Deciding a child's future on a game of chance


By Edward Copeland
The documentary about the sorry state of American education this year gaining the bulk of attention is Waiting for Superman, which I've yet to see. However, there is another nonfiction film that focuses on the lives of four families and educators in Harlem, New York, and the well-rated charter school Harvard Success Academy. The problem is that so many parents want to get their children out of the decaying public school system and into Harvard Success Academy that it all comes down to the film's title, The Lottery. However, both films have made the short list of 15 films from which the Oscar nominees for documentary feature will come.


Directed by Madeleine Sackler, The Lottery covers several months in the lives of those families who have applied for the rare slots in the coveted Harvard Success Academy. Along the way, there is the possibility that the school could have opened a second location when it applied to take possession of a closed public school building but they are defeated by the powerful teachers union who even brings in outside protesters, including the now-defunct ACORN, to demonstrate against their plan and lobby the New York City government who puts the kibosh on the plan because they view even a building filled with children learning as a threat to the union's warped sense of its own power. To hell with what's best for the children, protecting the jobs of mediocre educators and an empty building proves far more important to the skewed priorities of the teachers' union.

Now if readers of this blog have not figured out by now, my politics definitely lean to the left but that does not mean that I believe all unions are good and having seen enough of their dealings first-hand and read about even more, it's really high time people on all sides of the political spectrum agree that educating the nation's children ranks very low on the list of priorities of teacher unions.

Teachers have the second most important role in a child's life after their parents and people who pursue that career usually are selfless, wonderful people who still are terribly underpaid while the unions seem to care more about extraneous issues such as preventing the firing of the few incompetent ones and power grabs than the quality of the education the children actually receive. They are a disgrace and do a disservice to all labor unions that actually represent their members properly with high-minded issues as their motivations. They haven't helped much as the plethora of states facing budget woes have fired teachers left and right and closed schools to try to makeup money shortfalls, so it's not as if they are serving the teachers any more than they are the students.

As a result, you get the ridiculous system as is portrayed in The Lottery. Families who just want their children to have a shot at a better education than they are going to get in the mess of the public system have to pin their hopes on a game of chance. If they luck out, they get in.

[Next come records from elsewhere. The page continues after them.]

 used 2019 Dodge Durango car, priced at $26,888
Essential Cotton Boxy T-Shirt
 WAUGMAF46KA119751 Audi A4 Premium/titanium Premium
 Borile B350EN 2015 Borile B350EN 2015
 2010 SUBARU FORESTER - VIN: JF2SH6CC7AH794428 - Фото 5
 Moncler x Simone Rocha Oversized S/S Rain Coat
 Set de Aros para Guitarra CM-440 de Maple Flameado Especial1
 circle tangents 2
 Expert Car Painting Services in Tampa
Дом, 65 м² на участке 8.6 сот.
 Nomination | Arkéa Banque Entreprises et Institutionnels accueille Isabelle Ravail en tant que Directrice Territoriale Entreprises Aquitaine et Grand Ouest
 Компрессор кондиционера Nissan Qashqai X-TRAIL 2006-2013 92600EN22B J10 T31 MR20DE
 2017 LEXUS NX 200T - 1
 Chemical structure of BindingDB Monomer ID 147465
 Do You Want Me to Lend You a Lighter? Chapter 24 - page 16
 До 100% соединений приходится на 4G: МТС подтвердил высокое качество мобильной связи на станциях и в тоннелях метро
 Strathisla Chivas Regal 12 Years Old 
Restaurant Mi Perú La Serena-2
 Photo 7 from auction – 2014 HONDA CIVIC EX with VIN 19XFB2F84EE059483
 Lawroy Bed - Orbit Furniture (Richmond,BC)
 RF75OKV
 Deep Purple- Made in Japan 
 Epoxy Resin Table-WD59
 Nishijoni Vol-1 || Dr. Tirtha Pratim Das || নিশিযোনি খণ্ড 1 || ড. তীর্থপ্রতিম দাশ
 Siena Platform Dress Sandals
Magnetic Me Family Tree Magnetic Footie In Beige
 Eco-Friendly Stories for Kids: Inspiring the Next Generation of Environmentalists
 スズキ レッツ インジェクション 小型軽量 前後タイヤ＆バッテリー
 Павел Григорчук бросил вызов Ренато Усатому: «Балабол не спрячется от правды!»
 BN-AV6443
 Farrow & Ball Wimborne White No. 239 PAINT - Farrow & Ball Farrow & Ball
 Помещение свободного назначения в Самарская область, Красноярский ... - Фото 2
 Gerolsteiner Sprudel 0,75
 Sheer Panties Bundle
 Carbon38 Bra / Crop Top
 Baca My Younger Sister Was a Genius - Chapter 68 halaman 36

If they don't, they can try again the next year but they are stuck in the failing system that surrounds them. It's a disgrace.

Everyone would agree with the cliche that the children are the future but without a proper education system, with this country already based entirely on divisive politics, long ago having lost the ability to practice responsible governance, the nation may very well be doomed. One issue not mentioned in the movie, and this is not a criticism, is the overabundance of overpaid administrators you run into in some places. For example, in my home state of Oklahoma there are 77 counties and 537 public school districts, but they always resist any efforts at consolidation because no one wants to move toward efficiency at the expense of cushy jobs at the top.

The Lottery personalizes the problem in a heartbreaking way as we wait with an older, pious African immigrant father whose wife still resides in Africa and believes God will get his son in, a daughter with a deaf mother and several others. We also hear from various politicians such as Newark Mayor Cory Booker, outgoing NYC schools superintendent Joel Klein (who has had success at closing failing schools, boosting charter ones and putting the union in its place) and officials with the Harvard Success Academy.

The tragedy of The Lottery and the U.S. public school system itself is that statistics show that 58% of African-American fourth-graders are functionally illiterate and countless parents try to flee that failing system each year. Of course, children of all races are getting a bad education and it's a national tragedy.

It only grows worse as they age. I have a 33-year-old caregiver and I was shocked the other day when the subject of World War II came up and he asked if that was the war in Korea — and he's not a dumb man, just a victim of a bad education. It seems that more and more children are either being educated by their parents or spurred on by their own intellectual curiosity since the schools aren't doing the job.

Every parent who reads this review owes it to themselves to see this movie and then call their idiotic senators and House members (I'm playing the odds here that you are represented by an idiot on both the state and national level) and demand real education reform. The citizens must really take this country back, regardless of party, by scaring the shit out of these coddled jerks in Congress and state legislatures to govern again for the good, not for their cronies, or incumbency will become a thing of the past.

The Lottery will push many emotional buttons as you watch it: sadness, anger, frustration. Still, you must watch it and it's up to all of us to push for the reforms that are needed, no matter how hard we have to fight the entrenched and mind-boggling unions and the legislating sloth. The future depends on it.